# Task goal:
Leaving the pictures aside, transcribe every line below exactly.

# Exercise data:

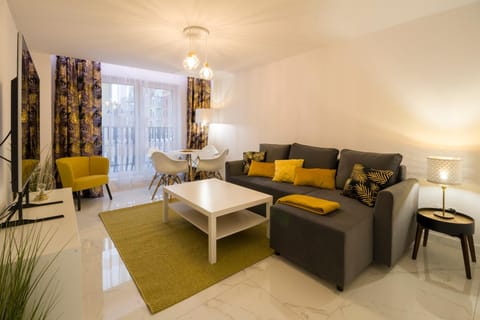 Communal lounge/ TV room, Living room, Seating area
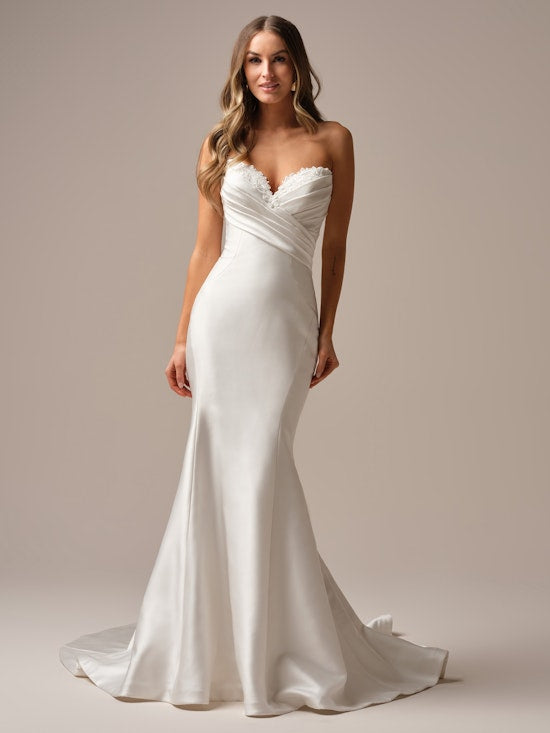 Ivory Dream - Classic Elegance Wedding Gown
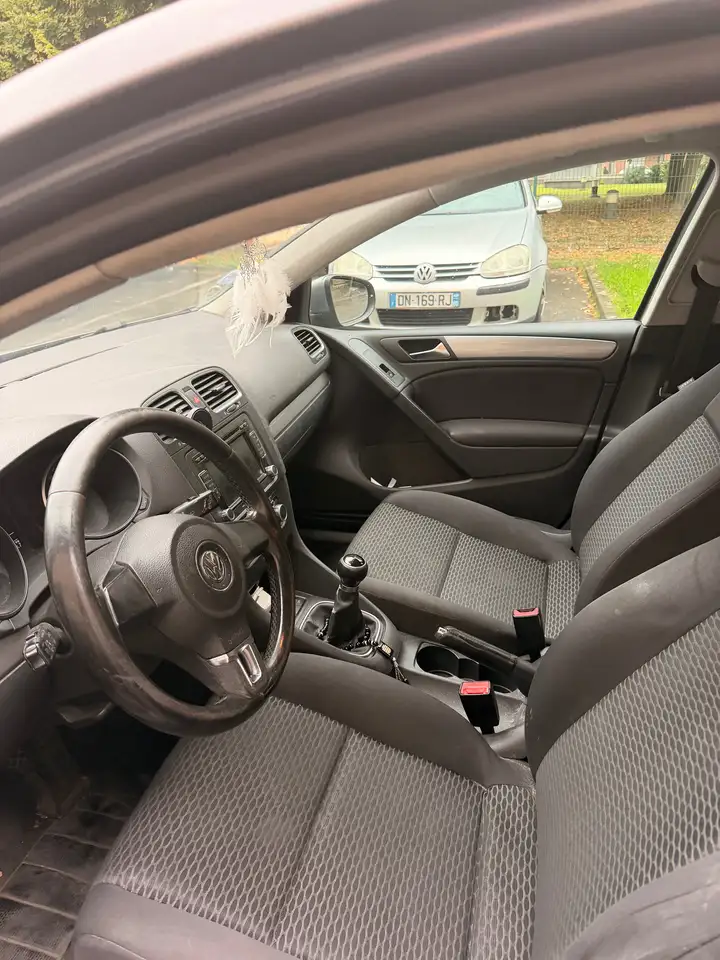 Volkswagen Golf Standard Model — photo 3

# Output below:
 Communal lounge/ TV room, Living room, Seating area
 Ivory Dream - Classic Elegance Wedding Gown
 Volkswagen Golf Standard Model — photo 3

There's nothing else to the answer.